La questione centrale, quindi, è capire che l'identità particolare del subalterno si confronta con l'egemonia di un'universalità oppressiva. Tuttavia, non è possibile rompere questo rapporto rimanendo sempre allo stesso punto. E questo è uno dei limiti dell'identitarismo, poiché adotta il particolarismo come strategia permanente. Cioè la politica di costante affermazione dell'elemento specifico (che definisce l'identità del subalterno) contro l'ammutolimento del soggetto universale.
Il problema è che questo soggetto universale non è indeterminato. Come si è detto, è l'effetto richiesto dalla riproduzione sociale dei rapporti di produzione, cioè dalla totalità sociale. La storia egemonica è la razionalizzazione della visione del mondo di gruppi e classi egemoni che agiscono nelle sfere materiale e ideologica che garantiscono la riproduzione sociale. L'istanza culturale non esiste come momento autonomo della società, ma come componente organica della totalità. Pertanto, la lotta della parte (soggetto subalterno) contro il tutto implica due momenti necessari. La prima riguarda l'affermazione di se stessi come parte, cioè la costruzione della propria narrazione e auto-organizzazione, e il luogo della parola è una tattica fondamentale. A questo punto, l'identità è decisiva per il confronto contro il silenzio, ma porta con sé un forte tratto corporativo che generalmente porta alla frammentazione. La seconda, invece, implica il superamento della prima. Al di là dell'affermazione come parte, è l'avanzata verso la proposizione di una nuova totalità o universalità. Più che confronto ideologico e discorsivo, azione politica efficace contro le relazioni sociali e materiali che generano subalternità. In sintesi, la costruzione e l'affermazione del progetto, e l'azione strategica contro, la riproduzione delle condizioni di produzione, poiché è nella rotazione di questo ingranaggio che si produce e si naturalizza l'oppressione. Si tratta di situare il rapporto di oppressione e subalternità all'interno della totalità e, da lì, ordinare l'organizzazione del soggetto politico e la sua azione effettiva verso un'altra universalità dove l'oppressione non è necessaria per la continuità delle relazioni umane.

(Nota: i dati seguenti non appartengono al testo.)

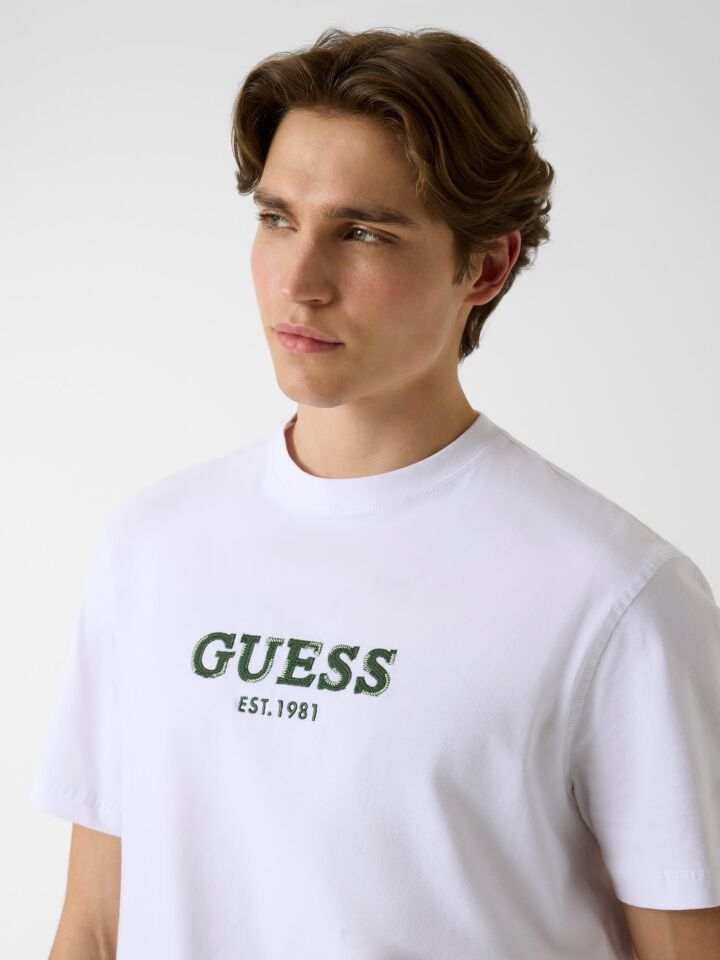CN SS GUESS LOGO CON T-SHIRT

*Douglas Santos Alves Professore di Scienze Politiche presso l'Università Federale di Fronteira Sul (UFFS).
Riferimenti
GRAMSCI, Antonio. Quaderni del carcere. Rio de Janeiro. Civiltà brasiliana, 1999-2002.
FOUCAULT, Michele. Storia della sessualità I: la volontà di sapere. Rio de Janeiro, Edizioni Graal, 1988.
FOUCAULT, Michele. La nascita della biopolitica. Edizioni 70, Lisbona, Portogallo. 2010.
SALA, Stuart. Identità culturale nella postmodernità. DP&A di Rio de Janeiro, 2011.